TradeSports (aka InTrade, TEN) uses the short selling model. Since they come to Prediction Markets from the betting world, they use the short selling as a way to keep more money in their customers’ accounts. When you sell short, your balance increases. The software reserves margin funds as assurance that traders will be able to cover their short positions, but it gives a generous allowance for claims that won’t settle for a while, and for offsetting positions in each trader’s account. Since traders are often more willing to bet in favor of a proposition than against, this added incentive to sell is probably a good trade-off for TradeSports.
The Iowa Electronic Markets (IEM) and NewsFutures follow the “buy a basket” model. On IEM, there is an explicit step (and a separate screen) for buying baskets of assets. Traders who don’t master this step can only buy assets, but can still bet in either direction, since there are separate markets in the different assets. I’ll talk later about why separating the markets is a mistake.
On NewsFutures, the explicit step of buying the basket has been hidden in the common case where there are only two outcomes; it’s only visible in multi-position claims. NewsFutures doesn’t currently have any multi-position claims, so I can’t verify this. (I’ll talk about markets with multiple outcomes in a later posting.) The Foresight Exchange follows the simpler “buying complementary assets” model.

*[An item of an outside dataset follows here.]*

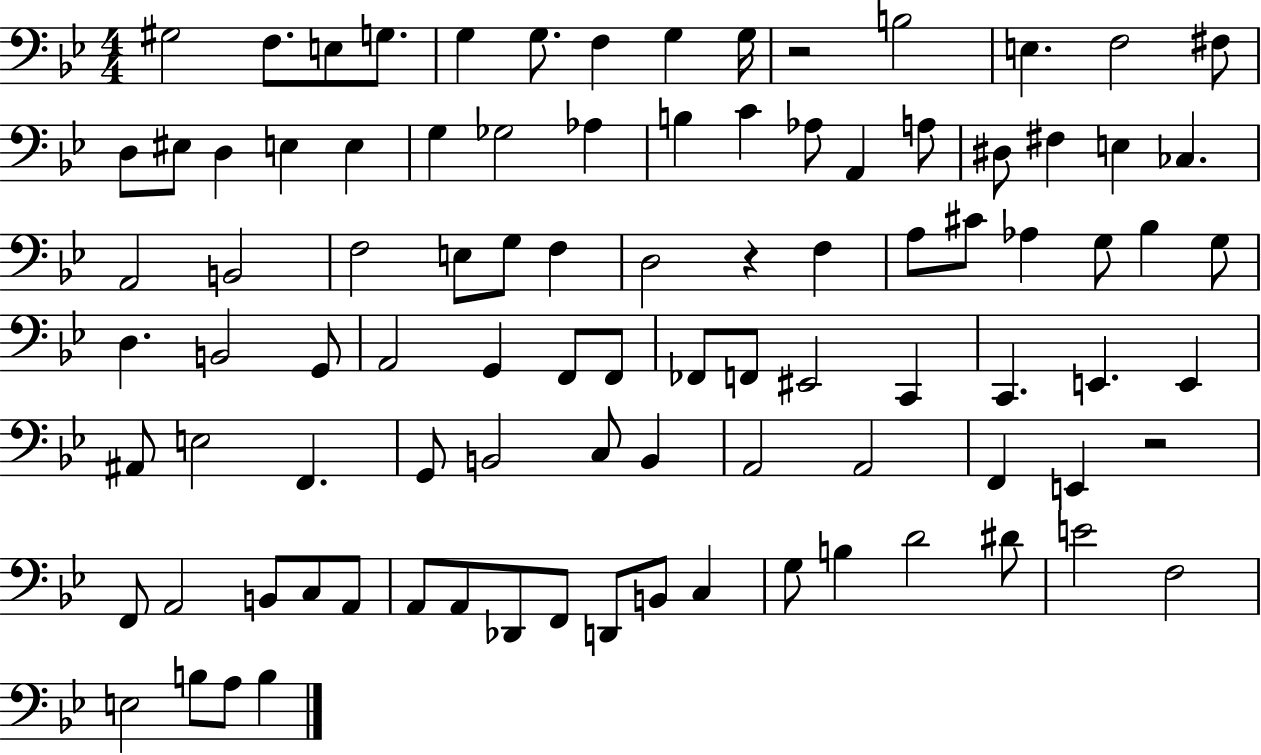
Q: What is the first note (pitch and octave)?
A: G#3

Market operators who depend on trading for their profits want to encourage more trading. One of the obstacles is that traders are relatively unwilling to leave orders on the books (some estimates are that 80 percent of traders seldom or never leave standing orders.) If the market operator can encourage traders to leave more standing orders, there will be narrower spreads, and more trading opportunities. IEM is non-profit and NewsFutures and Foresight Exchange use only play-money, so they don’t take extra steps to encourage book orders. TradeSports uses its fee structure to encourage book orders. Only the person who accepts an offer out of the trading book pays a transaction fee. The trader who left the standing order trades for free.
From these basic market foundations, variations have been developed that support asking complex and interdependent questions, that support questions the basic mechanism can’t answer, and that predict well even when there are few traders. I plan to talk about all the variations in later posts.